| HN Mirror

Y	Hacker News new \| ask \| show \| jobs


	by execveat 1140 days ago
	Nobody in their right mind is using GCE for training. Take a look at real prices: https://vast.ai/

6 comments

simonw 1140 days ago

I got the impression that kind of thing (buying time on GPUs hosted in people's homes) isn't useful for training large models, because model training requires extremely high bandwidth connections between the GPUs such that you effectively need them in the same rack.

link

p1esk 1140 days ago

I suspect most A100s on vast.ai are actually in a datacenter, and might even be on other public clouds, such as AWS. I don't see why either vast.ai or AWS care if this was the case.

link

marshray 1140 days ago

Is there at good resource that describes the impact of bandwidth and latency between GPUs?

I assume that it's completely impractical to train on distributed systems?

link

qeternity 1140 days ago

Anyone training this size of model is almost certainly using AWS/GCE.
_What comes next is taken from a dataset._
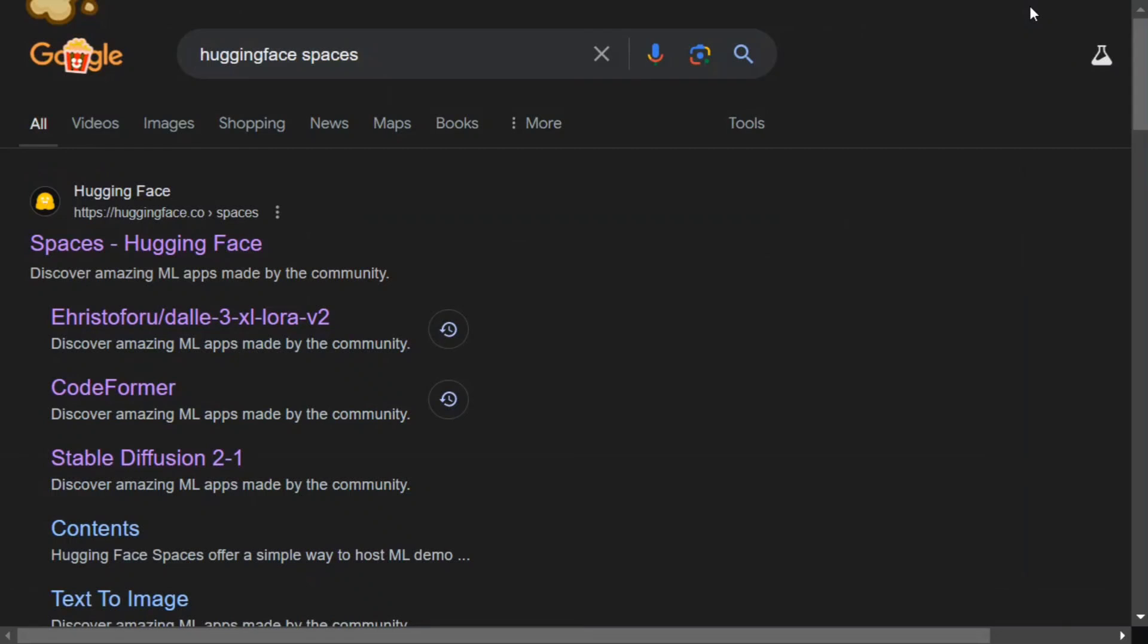Hi everyone. Meta has recently released Lama 3.2, their first multimodal LLM in the Lama series. It can be taken as an extension for Lama 3.1 which was just text-based. Now the Lama 3.2 series supports images as well.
The GPU marketplaces are nice for people who need smaller/single GPU setups, don't have huge reliability or SLA concerns, and where data privacy risks aren't an issue.

link

mrtranscendence 1140 days ago

Well, or Azure.

link

qeternity 1140 days ago

Ha yes of course. But actually has anyone been able to get instances on Azure? Thought OpenAI had them all reserved.

link

superpope99 1140 days ago

Aren't they explicitly using TPUs in their training? Vast AI are only offering GPUs.

link

bravura 1140 days ago

These nodes typically have slow downstream, and thus are hard to use when training requires pulling a huge dataset.